All of the proceeds will go to the National Trust for Historic Preservation, for which the Glass House is an extreme rarity: Of the trust's 2,000 properties, only the Glass House and one other are modernist.

An overnight visit is also exceedingly rare. According to the New York Times, which just published Guy Trebay's account of "Bedtime Under Glass":

True, there was the time he lent the house to clients for a weekend, taking up temporary residence in an adjacent structure. “But he said, ‘Once and never again,’ ” Hilary Lewis, an art historian and Johnson scholar, explained recently by telephone from Miami.

“Philip thought guests were nuisances,” Ms. Lewis said. “So unless you were dating Philip Johnson, you probably never spent the night.”

Two people have purchased Neiman Marcus' "Glass House Experience" so far, an official told Yahoo Homes, and a third is expected to confirm soon.

Johnson lived in the house with his partner of 45 years, David Whitney, until dying there in 2005 at age 98. Whitney, 66, died a few months later.

The house, completed in 1949, is less than 1,800 square feet, with an open-plan design that was radical at the time.

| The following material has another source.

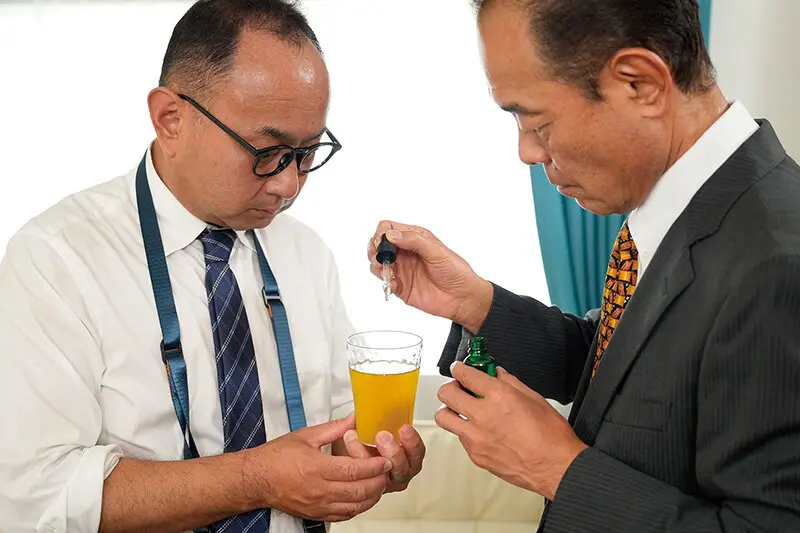 愛妻よ!他人棒でイキまくれッ… 蒼山愛奈 (lucy00020)-5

Johnson described different areas of the house as "rooms," but really, only the bathroom is its own room (enclosed in a brick cylinder, along with the fireplace). A rug and seating define the living area; walnut storage cabinets delineate the "bedroom"; low cabinets mark out the kitchen.

[Click here or on the images above to go to a slideshow of the Glass House.]

The interior is the same as it was when Johnson lived there. "The only thing that changed was the weather and the time of day," one visitor recalled. But the rigorous simplicity that defines the Glass House was hard-won: Johnson and Whitney meticulously managed even the landscape to produce the effect.

Artist Jasper Johns recalled to the New York Times:

"One of the first times I visited him there I said, 'Philip, it’s so incredible that you’ve found this location for your house, because you’re not aware of being in it, you’re just aware of this incredible landscape.' Philip said, 'Yes, I was very fortunate.' And then he said, 'David, I think next year we’ll put those trees over there.' And I suddenly had an insight into how he thought."

Or, as Johnson put it simply, "I have very expensive wallpaper."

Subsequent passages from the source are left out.